PDX is a top keyword in ITCC-P4, a EUR 628K platform project explicitly built around preclinical proof-of-concept testing using human tumor grafts.
XENTECH SAS
French biotech SME providing patient-derived xenograft and organoid tumor models for pediatric cancer preclinical research and drug validation.
Their core work
XENTECH is a French biotech SME specializing in patient-derived xenograft (PDX) tumor models and genetically engineered mouse models (GEMM) used for preclinical oncology research. Their core business is generating and managing living tumor model biobanks — essentially preserved human tumor grafts grown in immunodeficient mice — that pharmaceutical and academic partners use to test drug candidates before clinical trials. In both H2020 projects, XENTECH contributed preclinical tumor modeling capabilities, particularly for pediatric cancers including liver tumors, brain tumors, and other solid tumors in children. They occupy the critical niche between basic cancer research and clinical drug development, providing the in vivo evidence base needed to justify moving a therapy to pediatric patients.
What they specialise in
Both ChiLTERN (children's liver tumors) and ITCC-P4 (pediatric solid and brain tumors) are exclusively focused on childhood cancers.
ITCC-P4 keywords include both organoid and GEMM, suggesting XENTECH works across multiple complementary preclinical model formats beyond PDX alone.
ITCC-P4 lists biomarker and relapse as key terms, indicating XENTECH's models are used not only for drug testing but also for identifying response and recurrence markers.
ITCC-P4 is explicitly a POC platform project (EUR 628K), suggesting XENTECH is building infrastructure-level capabilities for systematic preclinical validation.
How they've shifted over time
With only two projects and both falling within the same thematic area, XENTECH's H2020 trajectory shows depth rather than breadth: they moved from participating in a disease-specific research network (ChiLTERN, focused on liver tumors in children) toward a broader preclinical platform role in ITCC-P4, where the keyword set expands to cover multiple tumor types, modeling technologies, and translational endpoints like biomarkers and relapse. The shift suggests they matured from a model-provider role into a platform contributor — someone who not only supplies PDX models but helps build the experimental infrastructure used across multiple cancer indications. Their trajectory points toward becoming a reference node in European pediatric oncology preclinical research rather than a narrow specialty supplier.

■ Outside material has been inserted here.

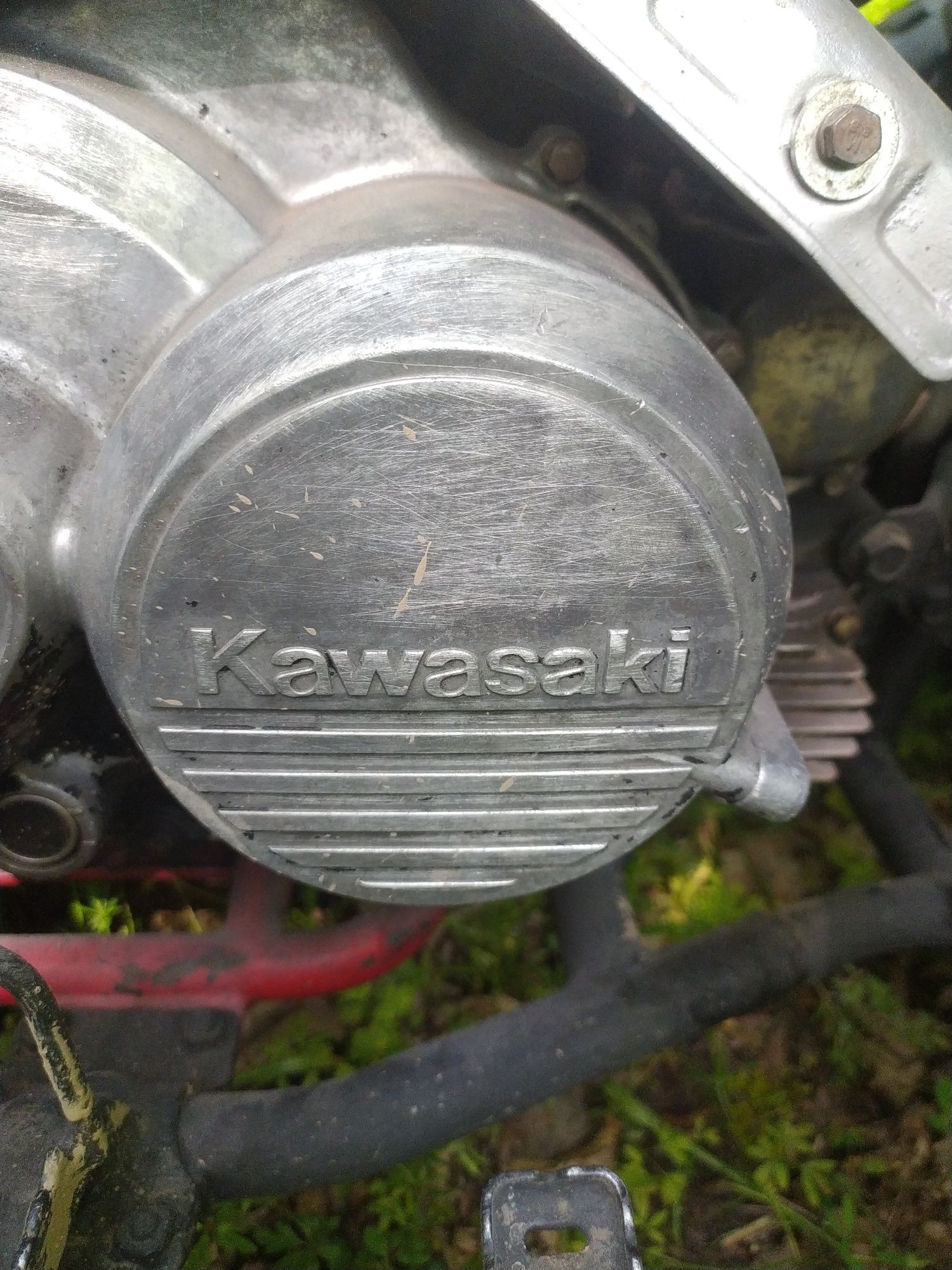 Продам  квадроцикл Kawasaki KLF 300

XENTECH is moving from disease-specific model provision toward pan-pediatric oncology platform roles, positioning them as a broader preclinical infrastructure partner for drug developers targeting childhood cancers.
How they like to work
XENTECH participates exclusively as a consortium partner — they have never coordinated an H2020 project — which reflects a typical CRO profile: they bring specialized technical capabilities (PDX biobanks, animal models) that larger consortia need but cannot build internally. Despite being a small SME, they engaged with 57 unique partners across 16 countries, indicating they are valued as a specialist contributor in large, multi-site European research networks. Their pattern suggests they work best when embedded in academically or clinically led consortia where their infrastructure fills a concrete experimental gap.
XENTECH has built a surprisingly broad network for a 2-project SME, with 57 unique consortium partners across 16 countries — a figure that reflects participation in large, pan-European health research consortia rather than boutique bilateral collaborations. Their network is almost certainly dominated by academic cancer centers, pediatric hospitals, and pharmaceutical partners active in the Innovative Medicines Initiative (IMI) ecosystem, given the IMI-funded ITCC-P4 project.
What sets them apart
XENTECH occupies a rare and defensible niche: a commercially operated PDX model provider that has been validated inside competitive EU research consortia — a credential most pure CROs lack. Their focus on pediatric cancers (rather than adult oncology, which is far more crowded) means they serve an underserved and scientifically complex market where regulatory and ethical constraints make good preclinical models especially valuable. For a consortium building a pediatric oncology program, XENTECH brings not just models but a track record of working within the governance, data-sharing, and timeline requirements of large EU-funded projects.
Highlights from their portfolio
- ITCC-P4The largest project by far (EUR 628K, running to 2023), this IMI-funded platform project positions XENTECH at the center of Europe's pediatric preclinical oncology infrastructure, covering PDX, GEMM, and organoid models across multiple tumor types.
- ChiLTERNXENTECH's entry into EU consortia through a disease-specific pediatric liver tumor network, establishing their credibility in childhood oncology research before the larger ITCC-P4 platform role.